Iraq: Desert Dispatch -- 3rd Infantry Battles Republican Guard Forces At Euphrates Bridge

RFE/RL correspondent Ron Synovitz is embedded with the 2nd Brigade Combat Team of the U.S. Army's 3rd Infantry Division. He filed this report this morning from the outskirts of the central Iraqi town of Hindiyah, near Karbala.

Hindiyah, Iraq; 31 March 2003 (RFE/RL) -- The U.S. Army's 3rd Infantry Division advanced to positions about 50 kilometers southwest of Baghdad today, battling troops from Iraq's Republican Guard at a bridge across the Euphrates River in the town of Hindiyah.

The rapid U.S. advance appeared to take Iraqi forces by surprise, with U.S. engineers reaching the bridge and cutting wires attached to explosives before the structure could be demolished by the Iraqis.

U.S. tanks and troop carriers started to move across the bridge from the west side shortly after dawn today but halted their advance when infantry from the Nebuchadneezer Division of the Republican Guards reinforced the Iraqi positions on the other side of the river.

Soldiers in the Iraqi regular army then blocked the east side of the bridge by driving cars straight at U.S. tanks that were still on the structure.

After a weekend suicide car bombing that killed four U.S. soldiers near Najaf, further to the south, U.S. troops say they are no longer hesitating when Iraqi civilian vehicles approach them rapidly.

The efforts of the Iraqi soldiers in these cars were, in effect, suicide missions.

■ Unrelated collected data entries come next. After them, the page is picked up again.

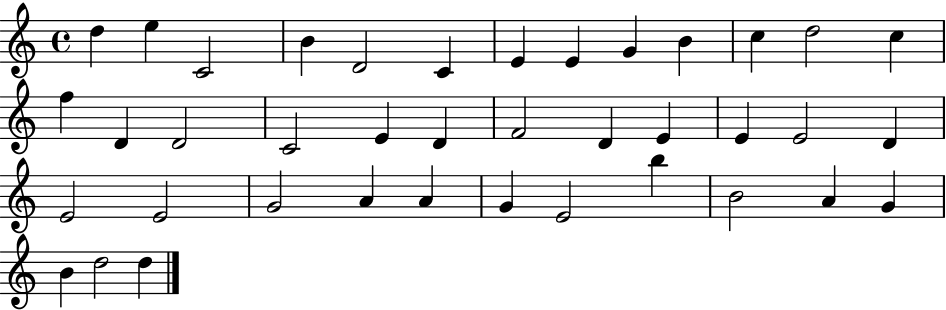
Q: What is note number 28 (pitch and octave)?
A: G4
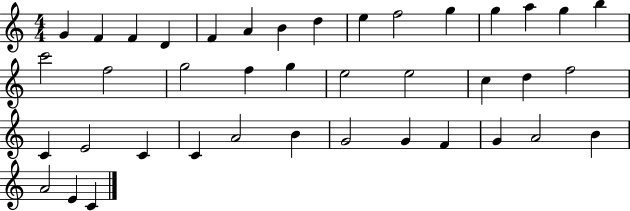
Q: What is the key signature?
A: C major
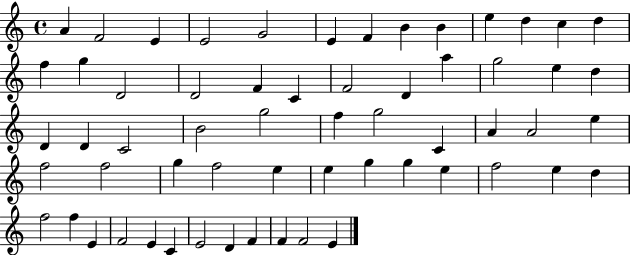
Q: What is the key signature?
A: C major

The U.S. Abrams tanks continued to fire at each approaching car until the hulks of about a dozen vehicles created a grisly roadblock on the east side of the bridge.

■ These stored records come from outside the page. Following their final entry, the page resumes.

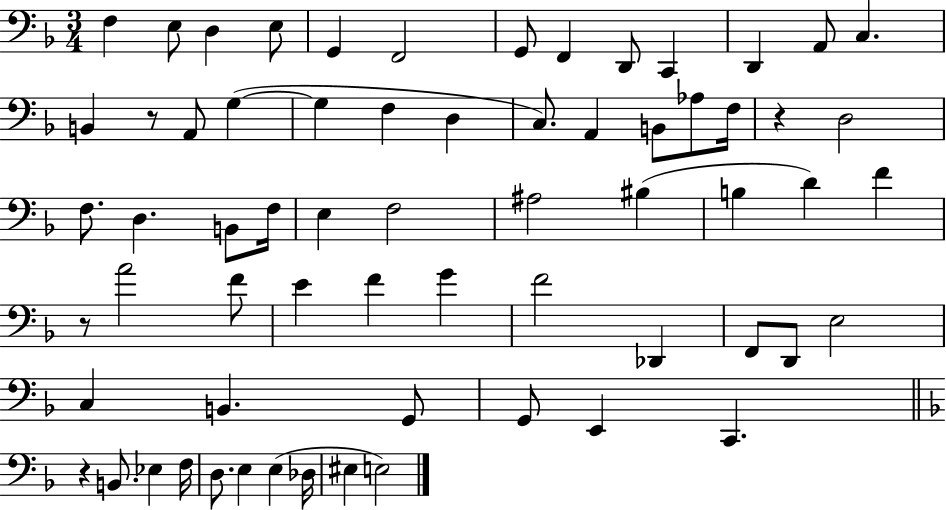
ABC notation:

X:1
T:Untitled
M:3/4
L:1/4
K:F
F, E,/2 D, E,/2 G,, F,,2 G,,/2 F,, D,,/2 C,, D,, A,,/2 C, B,, z/2 A,,/2 G, G, F, D, C,/2 A,, B,,/2 _A,/2 F,/4 z D,2 F,/2 D, B,,/2 F,/4 E, F,2 ^A,2 ^B, B, D F z/2 A2 F/2 E F G F2 _D,, F,,/2 D,,/2 E,2 C, B,, G,,/2 G,,/2 E,, C,, z B,,/2 _E, F,/4 D,/2 E, E, _D,/4 ^E, E,2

U.S. soldiers also report that women and children were walking in front of Iraqi weaponry as it was being repositioned on the east side of the Euphrates.

Lieutenant Colonel Eric Wesley, the executive officer of the 2nd Brigade Combat Team, told RFE/RL today that it appears women and children were purposely being used as human shields to allow Iraqi military trucks to reposition on the east side of the bridge. U.S. military intelligence is trying to get photographic evidence of that incident to support the claim.

However, U.S. officials say it is possible that the civilians could have been curious onlookers. That's because shrapnel from an Iraqi mortar attack damaged the speakers of a U.S. vehicle that normally would broadcast warnings in Arabic telling civilians to stay out of the combat zone.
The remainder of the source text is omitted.